Lucky Starr is the hero of a series of science fiction books by Isaac Asimov, using the pen name "Paul French" and intended for children.

On 23 March 1951 Asimov met with his agent, Frederik Pohl, and Walter I. Bradbury, then the science fiction editor at Doubleday & Co., who had a proposal for him. Pohl and Bradbury wanted Asimov to write a juvenile science fiction novel that would serve as the basis for a television series. Fearing that the novel would be adapted into the "uniformly awful" programming he saw flooding the television channels, he decided to publish it under the pseudonym "Paul French".

Asimov began work on the novel, David Starr: Space Ranger, on 10 June. He completed it on 29 July, and it was published by Doubleday in January 1952. Although plans for the television series fell through, Asimov continued to write novels in the series, eventually producing six.
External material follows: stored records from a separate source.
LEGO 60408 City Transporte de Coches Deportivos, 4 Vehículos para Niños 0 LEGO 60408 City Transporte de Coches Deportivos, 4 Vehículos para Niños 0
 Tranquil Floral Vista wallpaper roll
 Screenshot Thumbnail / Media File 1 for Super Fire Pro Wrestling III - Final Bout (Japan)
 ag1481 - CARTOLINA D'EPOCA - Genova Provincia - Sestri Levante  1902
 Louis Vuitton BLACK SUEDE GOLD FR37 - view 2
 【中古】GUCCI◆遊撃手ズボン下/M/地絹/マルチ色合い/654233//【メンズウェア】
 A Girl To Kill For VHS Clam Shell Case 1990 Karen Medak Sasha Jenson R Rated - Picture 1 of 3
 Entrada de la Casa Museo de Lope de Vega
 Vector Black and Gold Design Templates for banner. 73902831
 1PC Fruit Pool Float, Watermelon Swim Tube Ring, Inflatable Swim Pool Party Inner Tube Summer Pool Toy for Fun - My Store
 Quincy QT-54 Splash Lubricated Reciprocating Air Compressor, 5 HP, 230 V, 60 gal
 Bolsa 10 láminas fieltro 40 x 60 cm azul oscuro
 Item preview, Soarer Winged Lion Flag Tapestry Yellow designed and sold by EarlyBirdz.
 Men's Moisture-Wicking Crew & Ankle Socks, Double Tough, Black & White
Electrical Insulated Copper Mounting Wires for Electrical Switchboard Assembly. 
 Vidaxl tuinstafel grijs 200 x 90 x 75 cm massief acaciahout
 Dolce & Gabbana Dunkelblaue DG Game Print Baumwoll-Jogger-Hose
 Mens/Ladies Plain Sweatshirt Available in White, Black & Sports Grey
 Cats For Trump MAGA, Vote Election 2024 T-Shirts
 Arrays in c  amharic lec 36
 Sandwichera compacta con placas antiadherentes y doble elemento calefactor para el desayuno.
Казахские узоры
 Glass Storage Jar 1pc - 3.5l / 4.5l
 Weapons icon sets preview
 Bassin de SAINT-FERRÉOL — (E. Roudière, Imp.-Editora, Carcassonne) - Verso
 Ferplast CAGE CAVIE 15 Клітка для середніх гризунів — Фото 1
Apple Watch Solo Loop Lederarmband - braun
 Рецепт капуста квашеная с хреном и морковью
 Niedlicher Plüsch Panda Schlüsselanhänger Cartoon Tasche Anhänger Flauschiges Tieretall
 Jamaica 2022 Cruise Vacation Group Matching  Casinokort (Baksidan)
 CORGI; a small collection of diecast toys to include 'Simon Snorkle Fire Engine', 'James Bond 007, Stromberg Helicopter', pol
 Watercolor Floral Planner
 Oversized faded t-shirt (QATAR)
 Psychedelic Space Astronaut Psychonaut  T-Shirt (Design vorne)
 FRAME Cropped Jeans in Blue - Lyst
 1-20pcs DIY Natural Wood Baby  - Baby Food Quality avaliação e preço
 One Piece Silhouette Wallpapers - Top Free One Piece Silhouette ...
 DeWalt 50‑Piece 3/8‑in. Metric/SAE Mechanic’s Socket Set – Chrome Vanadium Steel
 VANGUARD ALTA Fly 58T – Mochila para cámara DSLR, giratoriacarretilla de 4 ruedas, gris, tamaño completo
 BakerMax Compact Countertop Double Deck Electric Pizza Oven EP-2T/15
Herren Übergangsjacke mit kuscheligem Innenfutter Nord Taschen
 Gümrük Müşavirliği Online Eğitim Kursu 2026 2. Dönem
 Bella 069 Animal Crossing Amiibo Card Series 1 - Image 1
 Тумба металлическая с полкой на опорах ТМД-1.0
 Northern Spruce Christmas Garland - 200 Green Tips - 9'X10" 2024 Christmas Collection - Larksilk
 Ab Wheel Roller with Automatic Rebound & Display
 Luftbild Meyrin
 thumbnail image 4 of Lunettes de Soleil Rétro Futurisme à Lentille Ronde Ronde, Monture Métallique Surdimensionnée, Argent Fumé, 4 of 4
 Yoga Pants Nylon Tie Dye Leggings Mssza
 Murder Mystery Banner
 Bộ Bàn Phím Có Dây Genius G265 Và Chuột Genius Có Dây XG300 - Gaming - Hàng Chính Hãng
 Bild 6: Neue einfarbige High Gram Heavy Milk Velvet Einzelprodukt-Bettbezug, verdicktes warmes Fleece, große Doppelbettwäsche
A seventh, Lucky Starr and the Snows of Pluto, was planned, but abandoned when Asimov elected to devote himself to writing non-fiction almost exclusively. With no worries about being associated with an embarrassing televised version, Asimov decided to abandon the pretense that he was not the author (although the books continued to be published under the Paul French pseudonym). He brought the Three Laws of Robotics into Lucky Starr and the Big Sun of Mercury, which he wrote in his autobiography "was a dead giveaway to Paul French's identity for even the most casual reader".

Eventually, Asimov used his own name in later editions. Some cover pages bear his name only, while others credit "Isaac Asimov writing as Paul French".

==Publishing history==
- David Starr, Space Ranger (1952)
- Lucky Starr and the Pirates of the Asteroids (1953)
- Lucky Starr and the Oceans of Venus (1954)
- Lucky Starr and the Big Sun of Mercury (1956)
- Lucky Starr and the Moons of Jupiter (1957)
- Lucky Starr and the Rings of Saturn (1958)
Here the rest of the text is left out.